**Exercise prompt**
Copy exactly the lines of the data below, beginning with the line with "Living room with" and ending with the line with "ice cubes dyed". Pictures are to be omitted.

**Data supplied**
• • • • •

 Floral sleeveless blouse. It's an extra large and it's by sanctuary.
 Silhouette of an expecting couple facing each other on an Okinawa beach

• • • • •

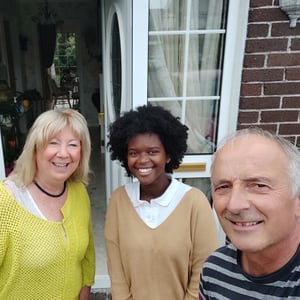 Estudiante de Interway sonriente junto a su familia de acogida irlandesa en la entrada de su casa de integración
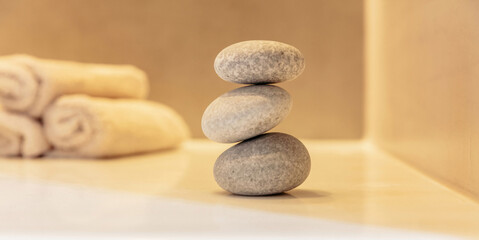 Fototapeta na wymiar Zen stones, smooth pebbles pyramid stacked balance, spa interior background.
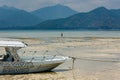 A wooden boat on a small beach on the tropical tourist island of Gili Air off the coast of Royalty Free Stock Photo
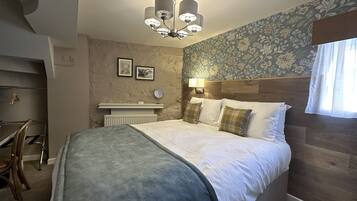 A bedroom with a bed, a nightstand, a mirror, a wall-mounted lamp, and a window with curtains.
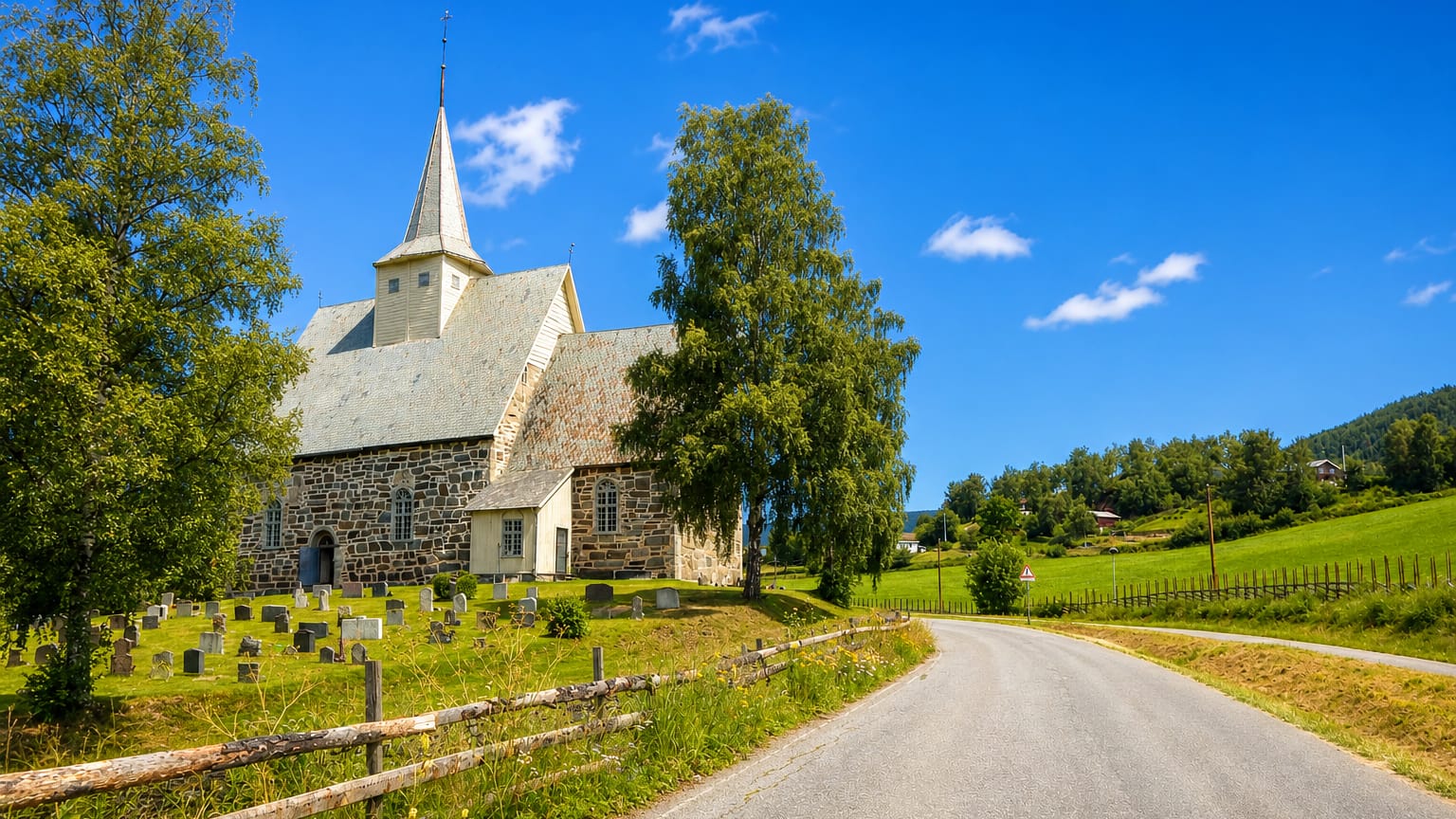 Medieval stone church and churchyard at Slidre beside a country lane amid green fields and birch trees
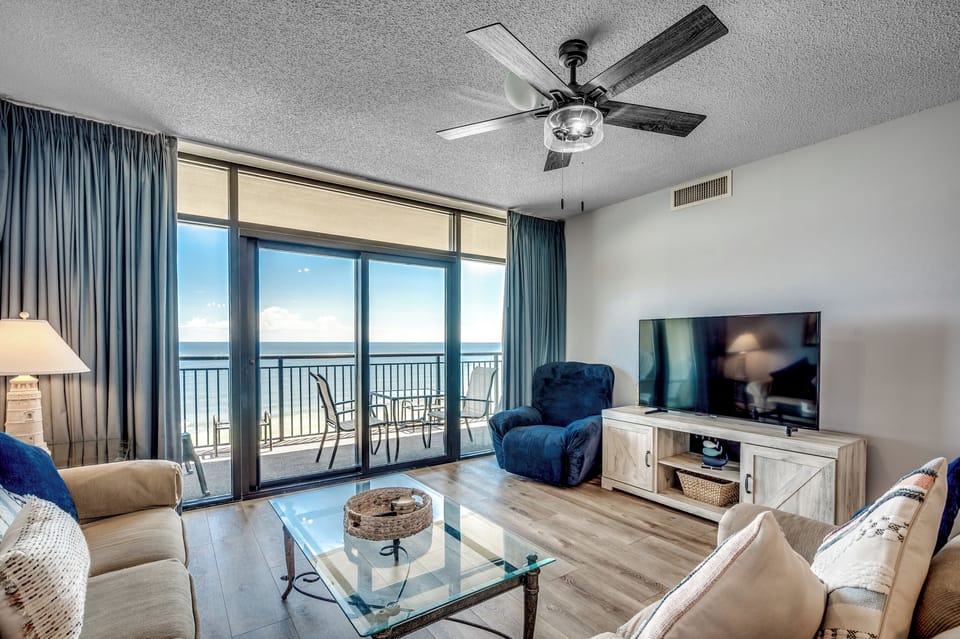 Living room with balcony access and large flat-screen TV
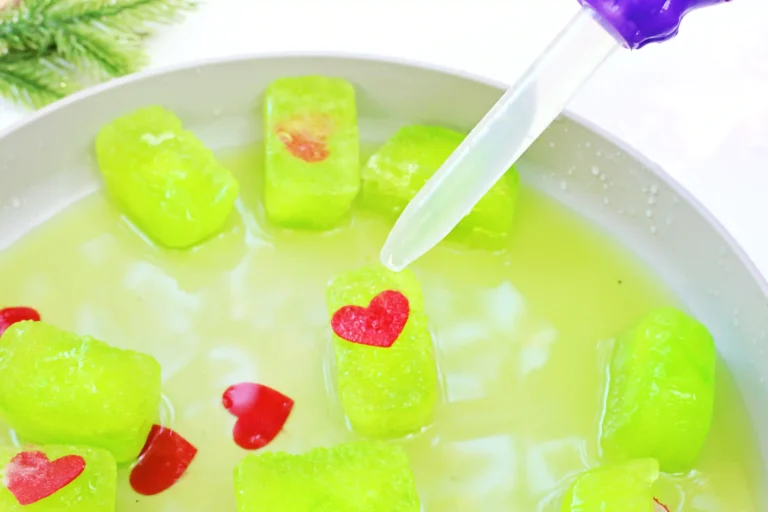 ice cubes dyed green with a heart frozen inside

• • • • •

**Written response**
 Living room with balcony access and large flat-screen TV
 ice cubes dyed green with a heart frozen inside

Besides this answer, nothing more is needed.